The first question we asked was “who managed paid social media programs?”  There is an ongoing competition within advertisers over whom should do this.  Should paid social media – buying ads on Facebook, Twitter, Linked In – be done in-house or by an external agency?  And if an external agency, is it the PR agency, the display agency, the paid search agency, etc.  The results of the poll question were these:

  • 57% of respondents say this is done in-house. This is a high percentage and is likely due to two factors. SMN audience can skew toward smaller companies who do not have the budgets to justify agencies expenditures. And social media is still relatively new and budgets are relatively small – so they may be managed by the social media team in-house.
  • Of those outsourcing to their agency, 24% are using their search agency.  This supports our hypothesis that Search Agencies will ultimately control the execution of the social media budgets – because media on social media platforms is very much like bid management on search.  It can all be done through the bid management system, it has similar dynamics from a metrics standpoint, and can be directly compared to the search programs from a performance standpoint.

Source:  Covario, Inc.  July 2011.

Second, we asked “from where does the budget for paid social media programs come?”.  Our goal was to see whether the budgets are independent, coming from search, coming from display, coming from PR, or other. The results here surprised us. Our hypothesis was that social media budgets were independent, and/or coming from the display budget. That is not what we saw.

  • 40% of the respondents said that budgets are independent. We thought the percentage would be higher. We have heard from our advertiser customers that in 2011, they were establishing specific social media budgets on masse – as opposed to last year where they were adjuncts to the search and display budgets or testing budgets. 40% is healthy, just a little lower than we expected.
  • 42% said that  the social media budgets are coming from their search budgets, and only 10% said the budgets are integrated into their display budget.  That was a big surprise.
  • PR budgets are tapped to support paid social media buying slightly less than PR budgets – 8%. Mobile is only 1% of the budget supply.

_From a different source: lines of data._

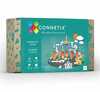 Magnetkonstruktor Connetix Rainbow Ball Run Pack CT-R-00092-BR, 92 osa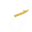Oursiddhi.com Icon
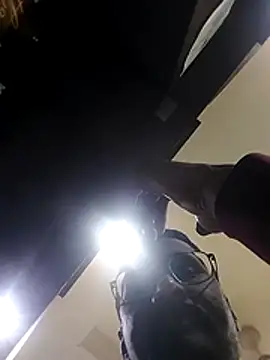 samura55 online show from November 28, 2025, 9:12 am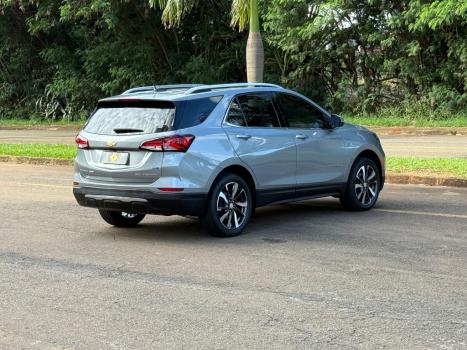 CHEVROLET Equinox 1.5 16V 4P PREMIER AWD TURBO AUTOM�TICO, Foto 5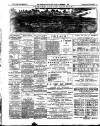 Eastbourne Gazette Wednesday 07 November 1883 Page 6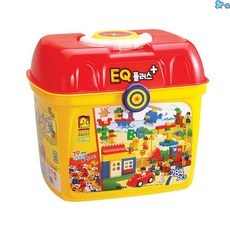 옥스포드eq플러스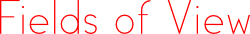 fov_logo
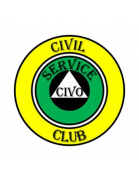 Civil Sporting Club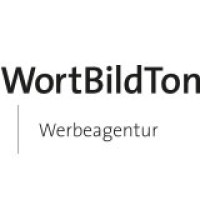 WortBildTon Werbeagentur logo - Similar company to Braune Digital Gmbh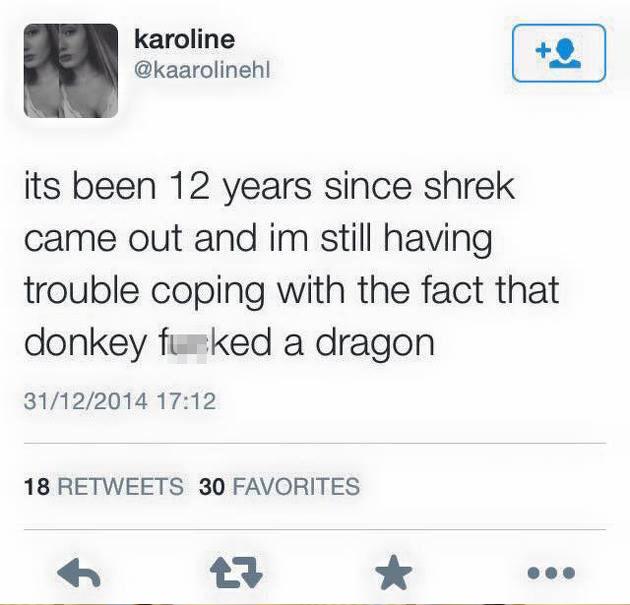 ASAPTheGame's tweet image. Exactly. @kaarolinehl has this whole thing down to a T! #beastiallity #wtf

Source:  Covario, Inc.  July 2011.

This is a key issue. It means that search marketers are driving the execution of the programs and that the budgets for social media are either being integrated into the search budgets or are independent. If they are part of the search budget, then this puts search and social media performance in direct competition with each other and search marketers in the position of arbitrating where the spend will go. It also shows that our hypothesis that search marketers are winning the majority of the assignments in advertisers to run social media execution largely is coming to pass.

ACTIONABLE INSIGHT #1: Paid social media programs are managed in-house for 60% of the advertisers surveyed, however, if the programs are outsourced, they are outsourced to the search agency.

ACTIONABLE INSIGHT #2: The budgets to pay for paid social media programs increasingly are integrated into search budgets (putting them directly in competition with search performance) or are stand-alone independent budgets. They are NOT coming from display budgets, at least not in this survey.

ACTIONABLE INSIGHT #3: Search marketers need to focus on creating the integrated metrics and campaign tactics for managing paid search and paid social since the responsibility for allocating the integrated budgets is falling on them.